The theme of doom shows itself in the first line that reveal how the anarchy will slowly occur: “The falcon cannot hear the falconer” (Yeats, 2011, line 2). This means that no one will bow down to any master or any government anymore, and so the result is revealed by the next line: “Things fall apart; the center cannot hold” (Yeats, 2011, 3). This is chaos and anarchy and this is the result of relinquishing one’s allegiance to the government. Everything that ensues is brutal such as the release of the “blood-dimmed tide” and worst of all, the birth of the “rough beast” that “slouches towards Bethlehem to be born” (Yeats, 2011, 5, 21-22).

Blood will therefore be shed as the world awaits the coming of the devil that will destroy everything else. The form of Yeats’ poem also reveals the chaotic confusion demonstrated by the theme. The form is a blank verse that has no uniform length for the lines. Moreover, the rhymes are also coincidental. The only parts of the poem that rhyme include lines 3 and 4 with the words “hold” and “world” (Yeats, 2011, 3-4). The rest are simply non-rhyming lines that imply a lack of order, which is similar to the world revealed by the theme and the content of the lines.

Aside from the theme and the form, the figurative language of Yeats’ “The Second Coming” also shows extreme confusion and chaos and most of all, a reversal of the roles of Christ and the devil. The allusion to Christ is found in the last part of the poem, where the “rough beast…slouches towards Bethlehem to be born?” (Yeats, 2011, 21-22). Bethlehem is the biblical place where Christ the Savior of the Christians was born but Yeats replaces Christ with the devil in the form of the sphinx – “a shape with lion body and the head of a man” – thus, he metaphorically replaces the authority of Christ or the Good with that of the Devil or Evil (Yeats, 2011, 14).

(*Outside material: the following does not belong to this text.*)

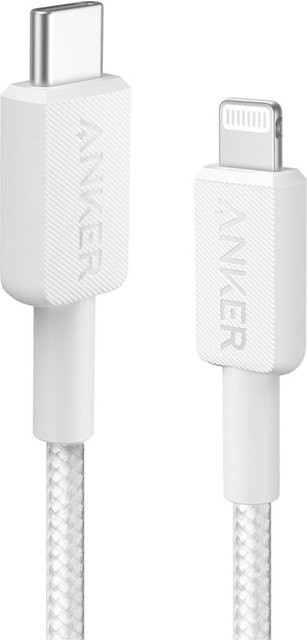 Anker 322 Lightning auf USB-C Ladekabel in Weiß, Länge: 1,8 m - Bild 1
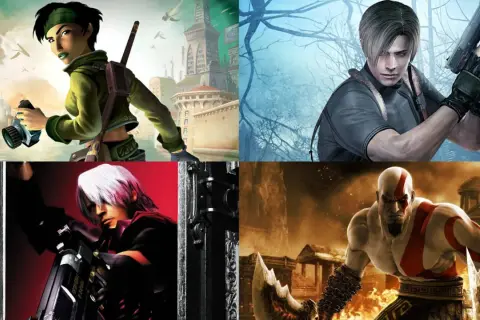 Kratos, Leon Kennedy, Dante i Jade - bohaterowie najlepszych gier na PS2.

Thus, in Yeats’ poem, the Good will disappear and Evil will reign. Whether Yeats was only pessimistic or he was simply making allegories to the chaos that World War I has brought the world during the time the poem was written, “The Second Coming” serves as a reminder to everyone that anarchy or disobedience to authority will bring about destruction, genocide, and the rise of Evil Perhaps, all forms of disobedience will most likely herald such chaos. The poem, therefore, may also be interpreted as a testament to the long term effects of disobedience.